Archangel A.D. – Casus Belli (Self-Released)Monday, 9th August 2021
Familiar to this scribe through their 2018 Warband EP, Texas thrashers Archangel A.D. return with their latest full-length Casus Belli. Establishing a sound with noted 80’s-oriented Bay Area riffing techniques and old school power rhythm section mechanics, these nine tracks seem to expand the influence toolbox from which the quartet grab ahold – incorporating some more mid-tempo and left field twists to keep ears sharp and entertained.

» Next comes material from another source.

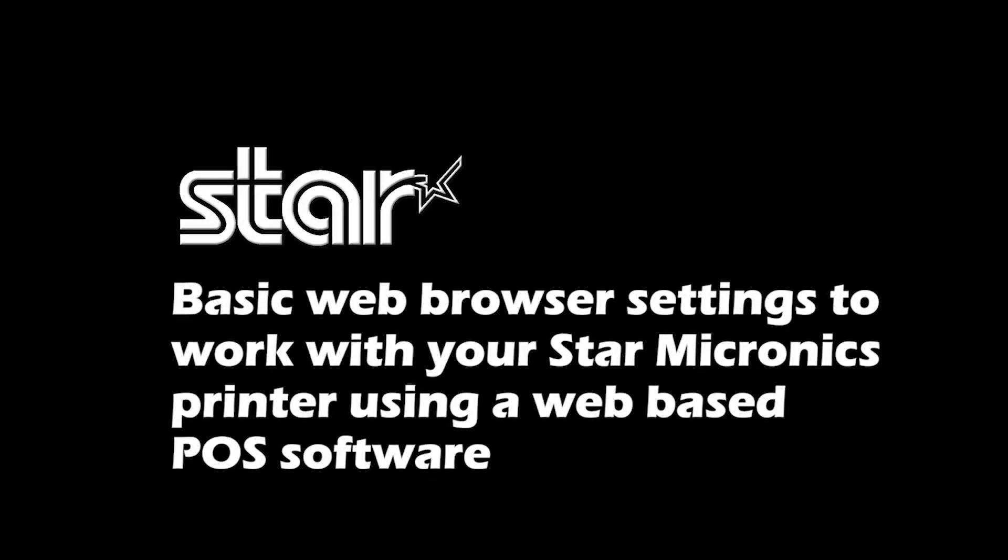This video will explain how to set up basic web browser settings to work with your Star Micronics printer using a web-based POS software. While these settings should work, if there are any problems after setting up the browser, please try another browser or contact the company that makes the web browser POS software for further assistance. For this video, we'll be using Internet Explorer, Microsoft Edge, Firefox, and Chrome. We will also be using the TSP-143 LAN as our printer. The browser settings will be the same for any Star 3-inch thermal printer.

No one can deny the Kill ‘Em All-period Metallica influence when it comes to specific heads down riffing, relentless snare hits, and the fluid bass prominence that take place in key sections of cuts like “Bet on Death” and “Beacons” – bassist Justin Lopez even employing a bit of that Hetfield-like snarl in lower doses on the latter. The razor-sharp twin rhythms often build into these crushing walls of axe displays with subtle interplay moments that keep the energy level at peak performance – “Celestion” a mid-album favorite in this regard, the lead breaks tradeoff mixes of shredding and bluesy, frantic magic. The outside the box song for this record is the Spanish-led “Sangre de las Montañas”. The chanting, handclaps, and acoustic strumming making this a catchy number outside the thrash norm, providing that aural cleansing effort before the epic “Demonolith” kicks in, another Sabbath-like outing with outstanding lead breaks, an evil doom foundation for the first half transforming into an Anthrax-oriented pounding effort with more headbanging rhythms and sinister bass play. Ending the record on a softer, 70’s blues-like metal ballad for “Door to the Moon” showcases Justin’s melodic improvement with his vocals – rearing back for some poignant moments in the chorus.
Versatility is the main strength of this record and Archangel A.D. in general – including lyrical topics from reality to Tolkien at their disposal. They can obliterate minds and bodies in the thrash platform they are familiar with, but those added Spanish/bluesy influences can be a game-changer for long-term appeal as the band hits the road.